Cette personnalité aplanie aurait pu se matérialiser en un disque terne. C’est au contraire l’un des éléments les plus intéressants de So Far Gone, premier du nom – depuis, une version EP a été commercialisée. Tranquillement posé en première classe, une carrière toute tracée en ligne de mire, Drake n’offre rien de viscéral, rien de vraiment touchant. Simplement un disque d’une efficacité absolue. L’opération séduction fait son effet dès les trois premiers titres : comme un lent réveil, les mélodies sont brumeuses, les rythmiques éparses, et Drake oscille sans effort entre couplets blasés et vocalises charmeuses. D’un grand écart à peine perceptible, il se révèle en artiste-éprouvette. Est-il un rappeur mélodique ou un chanteur de charme fasciné par le rap ? Peu importe, la maîtrise est là, indéniable. Grâce à la production épurée et abstraite de Noah « 40 » Shebib – un ex-ado star lui aussi – ce tryptique inaugural plonge le projet dans une étrange torpeur qui va en faire toute la force.
Sans jamais forcer, Drake truffe son projet d’idées pertinentes qui font respirer l’ensemble et donnent envie d’y revenir : ici, un clin d’œil au rap texan (‘November 18th’), là, un triple-refrain irrésistible (‘Best I Ever Had’), plus loin, un paisible interlude au piano emprunté à Gonzales… Quand il détourne des faces B – ‘Say you will’ et ‘Ignorant Shit’, choix impeccables – il ramène l’auditeur en terrain connu (oui, ceci est bien une mixtape) avant de réenclencher le pilote automatique. Malgré la diversité des styles investis – pop enjouée, égotrip nonchalant, ballade romantique – Drake impose par sa voix ouatée une unité constante.
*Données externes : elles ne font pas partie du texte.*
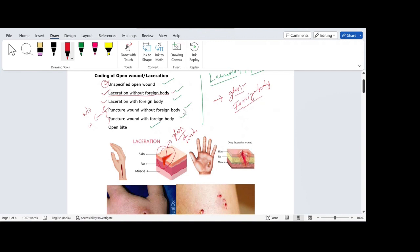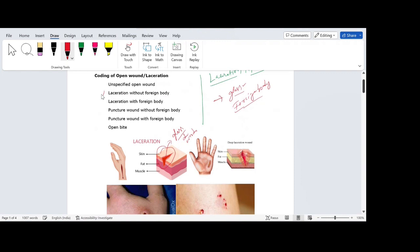Puncture wound sometimes also includes gunshot wounds — anything that punctures. Unspecified open wound is assigned when the doctor does not specify whether it is a laceration, puncture wound, or open bite. If none of those categories are specified, assign unspecified open wound.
La présence récurrente de Lil Wayne et un casting d’invités éclectiques (Trey Songz, Likky Li, Bun B) ne jouent pas même en sa défaveur, comme si l’efficacité du disque primait sur l’artiste lui-même. Autant qu’une belle réalisation, c’est un vrai travail de designer.
La principale réussite de So Far Gone est d’exister à la fois comme une immersion sonore, une carte de visite convaincante et un réservoir à tubes : Drake peut rendre addictif le plus spartiate des instrumentaux tout en livrant de vrais hits – fait rarissime pour une mixtape, ‘Best I Ever Had’ a d’ailleurs décroché une nomination aux Grammy Awards. Pas étonnant que les enchères autour de lui aient crevé le plafond, ce garçon a le pedigree pop star : il est, pour dire les choses crûment, un redoutable faiseur de musique agréable. Conçu pour devenir le rappeur le plus populaire – et par extension, le plus haï – de sa génération, il doit maintenant doubler la mise avec un premier album qui, So Far Gone oblige, n’en sera jamais vraiment un. Drake n’est plus l’inconnu de la semaine, il doit être la star de l’année. Saura-t-il préserver l’étonnante apesanteur de So Far Gone sur le format plus compartimenté d’un album à succès ? Réponse imminente : Thank me Later sort le 15 juin.